Sounds Her Depths: Reviewing Alejandra Pizarnik's Extracting the Stone of Madness: Poems 1962–1972
Jon Curley reviews Extracting the Stone of Madness: Poems 1962–1972 (New Directions, 2016) by Alejandra Pizarnik, translated by Yvette Siegert, for Hyperallergic. About her, he writes:
A translator and critic as well as poet, Pizarnik lived between Buenos Aries and Paris, befriending Octavio Paz and Julio Cortazar and identifying with, while not necessarily emulating, the so-called poètes maudites of 19th-century France, among them, Baudelaire, Rimbaud, Nerval, and especially Lautréamont (the last lines of her suicide note poem reads: “oh life/oh language/oh Isadore,” Isadore Ducasse being the birth name of Lautréamont). For her, much more so than these eminent antecedents, a sense of apartness grows into a suffocating sense of irreversible damnation, a sentence on which she deliberates over and over.

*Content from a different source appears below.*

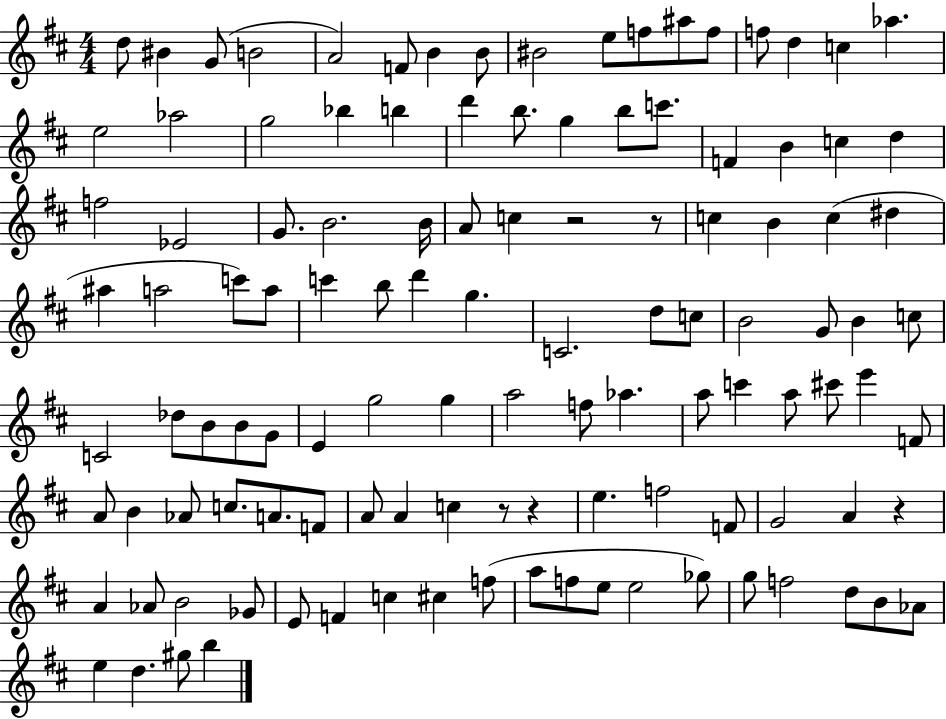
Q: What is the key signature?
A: D major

About her poems, Curley dwells in the depths (and even brings forth Sarah Kane):
Declaring one’s identity for Pizarnik is difficult if not impossible. She is relentless in her focus but contradictory in her assessment of what her poetry is actually doing. Her intention seems torn between a steadfast commitment to exhibiting the traumatic condition of her irrevocably damned sense of self (while sensing, fragilely, that this poetic register of despair is a force for consolation) and vitality just in the striving to articulate itself. As she describes in “Cornerstone”: “I can’t just speak and say nothing. That’s how we lose ourselves,/The poem and I, in the hopeless attempt to write the things that burn.” On the evidence of this work, Pizarnik’s survival tactic, or at least her effort to stave off the inevitable, was to translate extremity into distilled, stark forms that clarified her approach and predicament. In this she resembles English playwright Sarah Kane (herself a suicide at twenty-eight), especially in 4.48 Psychosis, a dramatic set-piece that plays as both an incredibly engaging yet troubling performance and a kind of suicide note in multiple voices.

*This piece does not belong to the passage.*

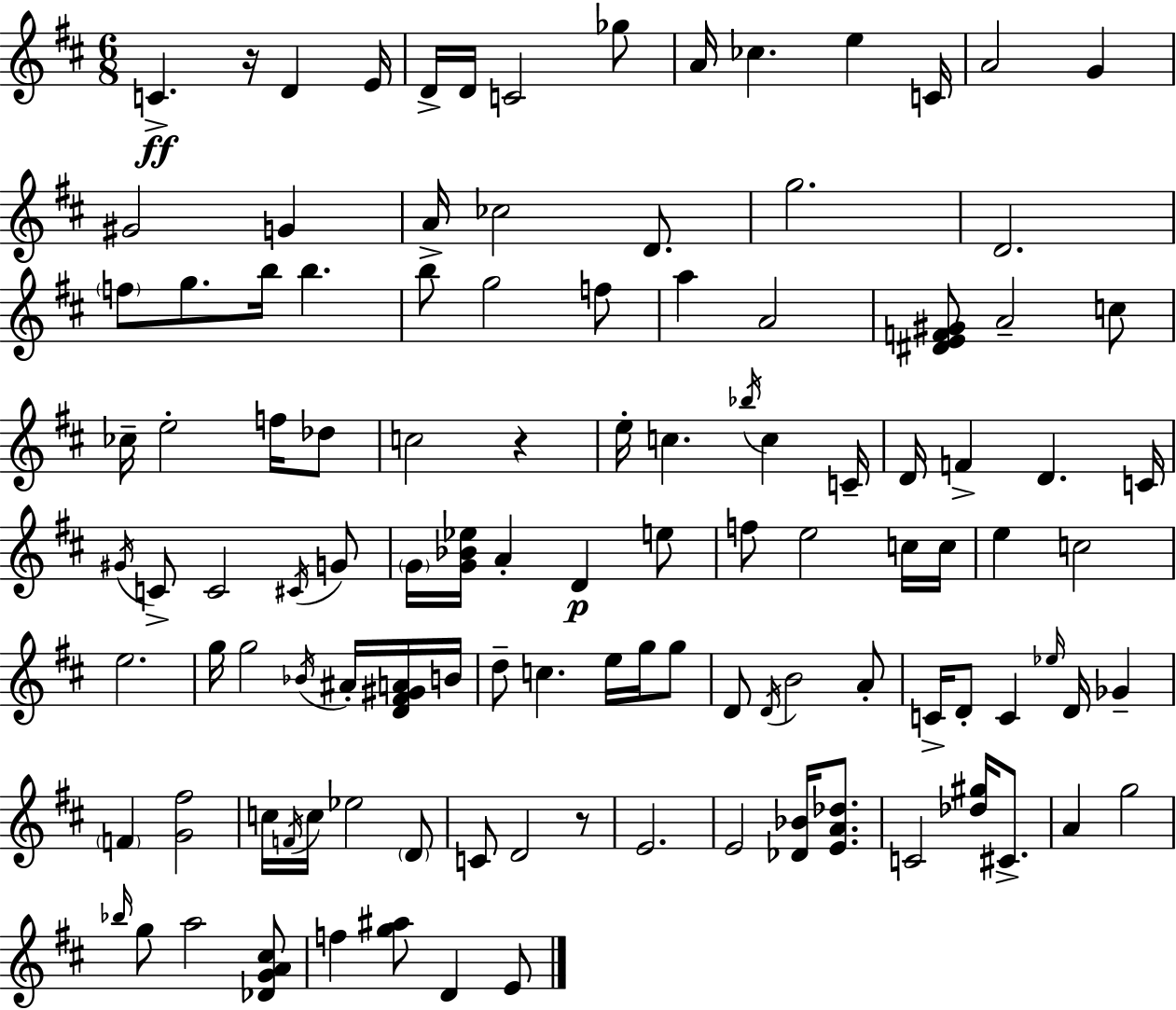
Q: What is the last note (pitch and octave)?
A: E4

In “Continuity,” this consummate poet of aloneness writes:
Cure me of this void, I said. (The light loved itself in this darkness of mine. I knew that there was absence when I found myself saying, It is I.) Cure me, I said.Despite the plea above — “Cure me, I said.” — there is never any true tension between the will to live and the will to die, nothing but relentless atomization of a disturbed state of being in which inconsolable dread announces a nearness to death: the imminent demise of the poet herself. Frustration, failure, and futility dog her: “All these fragments rend me/Impure dialogue/A desperate expulsion from verbal matter” (“A Musical Hell”). Another poem advertises: “Yo prepare mi muerte./I am preparing my death.” This makes for funereal reading but, then again, most graveyards do showcase some brilliant and moving language. Translator Yvette Siegert has succeeded in faithfully rendering the minimalism of the Spanish in wrenching, stripped English; she and Pizarnik give proof that unadorned poetry, particularly of a confessional bent, can generate more heat and light than the more histrionic — and often pretentious — examples of that genre.